#### Short descriptive text snippets
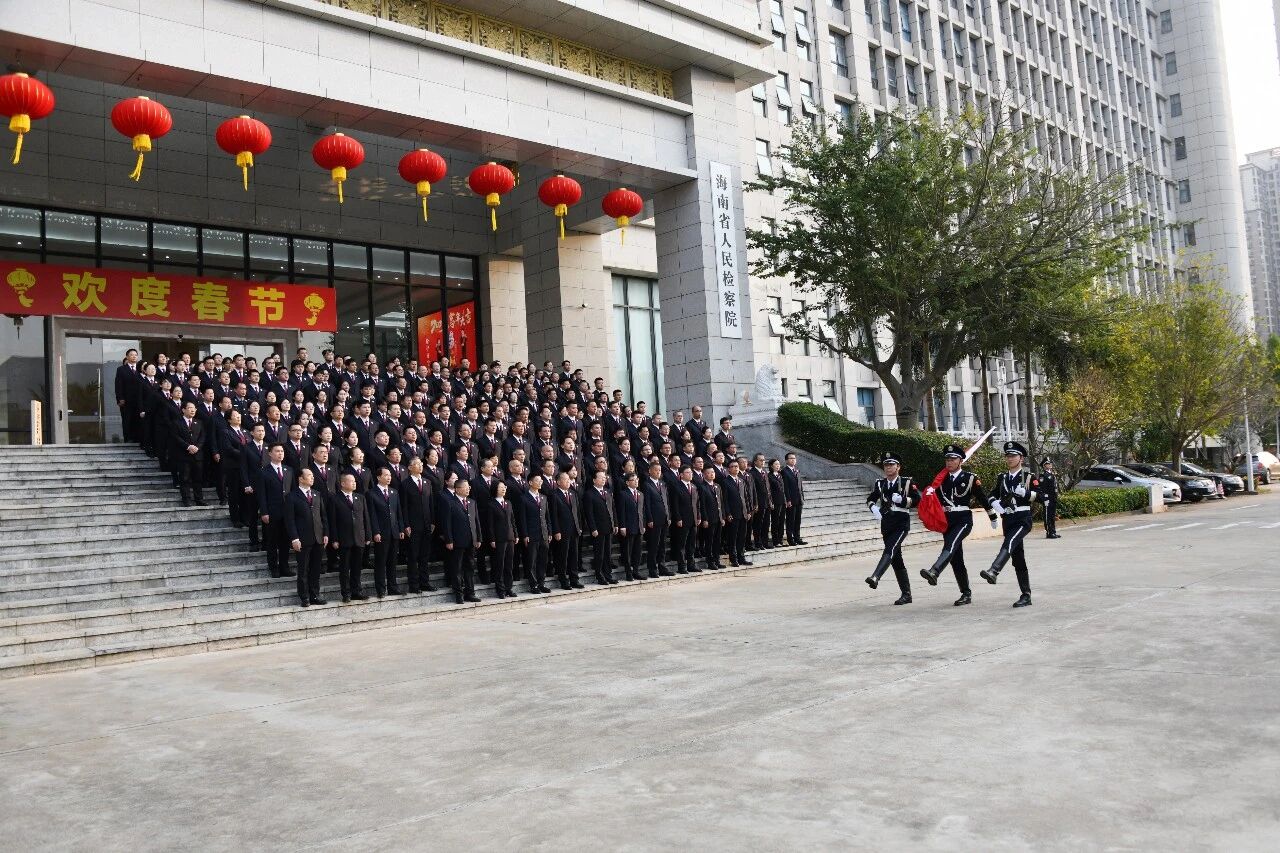 微信图片_2026-02-24_151331_677.jpg 微信图片_2026-02-24_151331_677.jpg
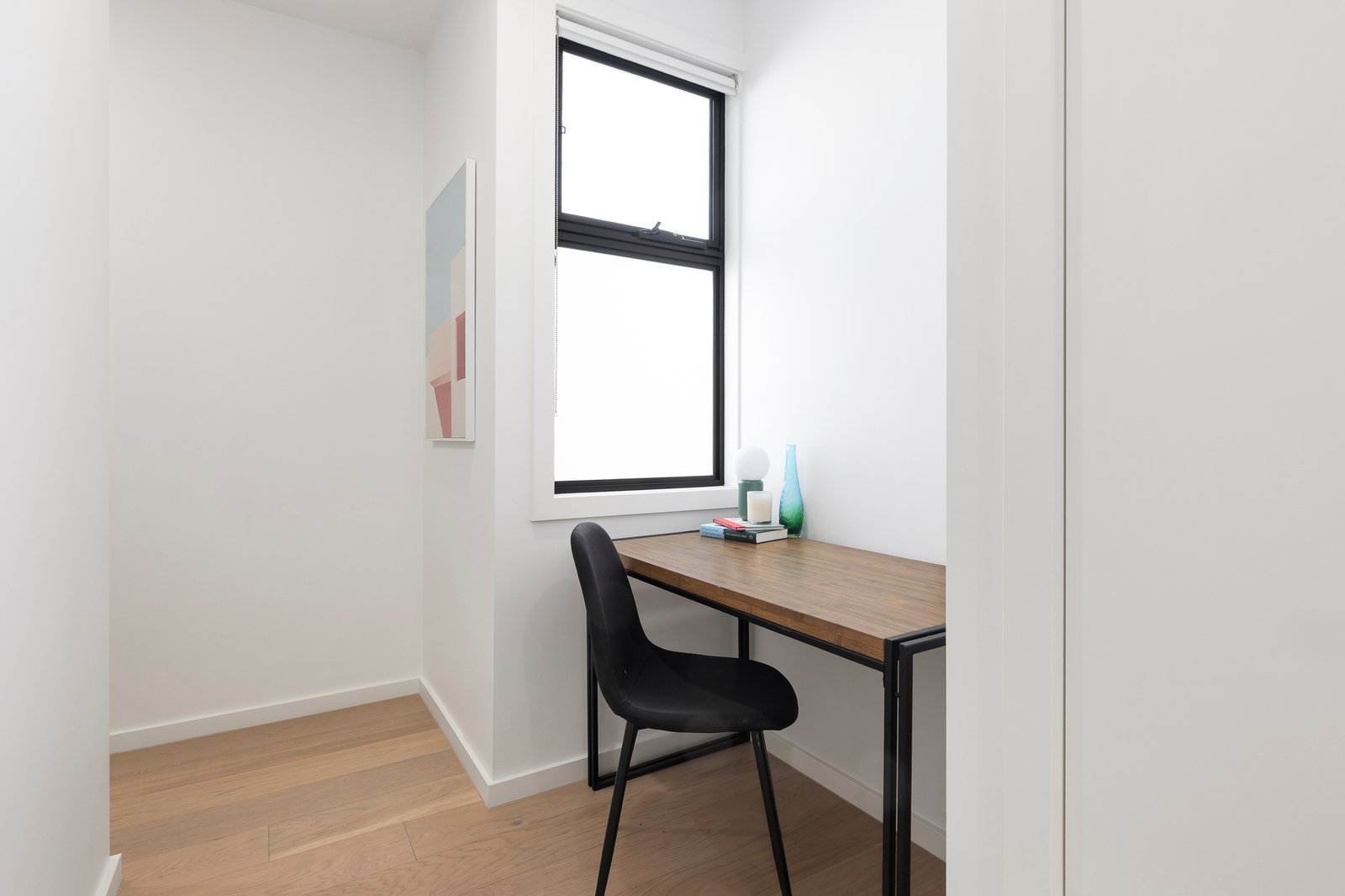 Real Estate and Property in 4/6 Hemming Street, Brighton East, VIC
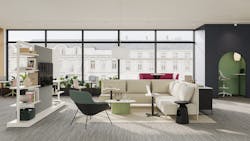 Herman Miller Passport Work Table 642dbd7f0181e Herman Miller Passport Work Table 642dbd7f0181e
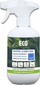 Solucion pastrimi për TV Soyeco Eco, universal, mi mjedis, 500ml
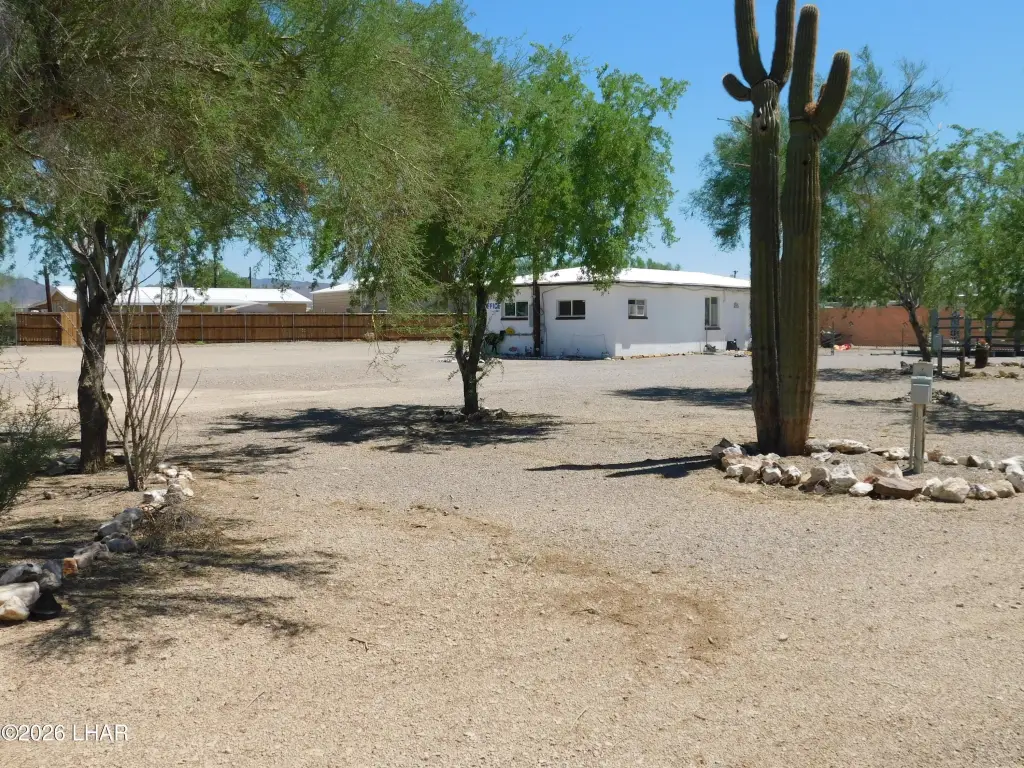 Picture 17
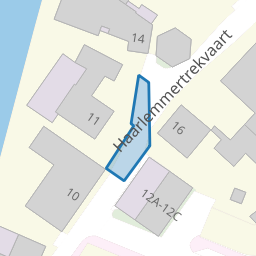 Perceel OGT00-D-1223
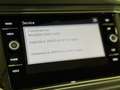 Volkswagen T-Roc Cabrio 1.5 TSI R-Line Noir - thumbnail 43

#### Exercise aim
I would like you to set down the lines above, from the one containing "Herman Miller Passport Work Table 642dbd7f0181e Herman" to the final line, exactly as written and without pictures.

#### Answer
 Herman Miller Passport Work Table 642dbd7f0181e Herman Miller Passport Work Table 642dbd7f0181e
 Solucion pastrimi për TV Soyeco Eco, universal, mi mjedis, 500ml
 Picture 17
 Perceel OGT00-D-1223
 Volkswagen T-Roc Cabrio 1.5 TSI R-Line Noir - thumbnail 43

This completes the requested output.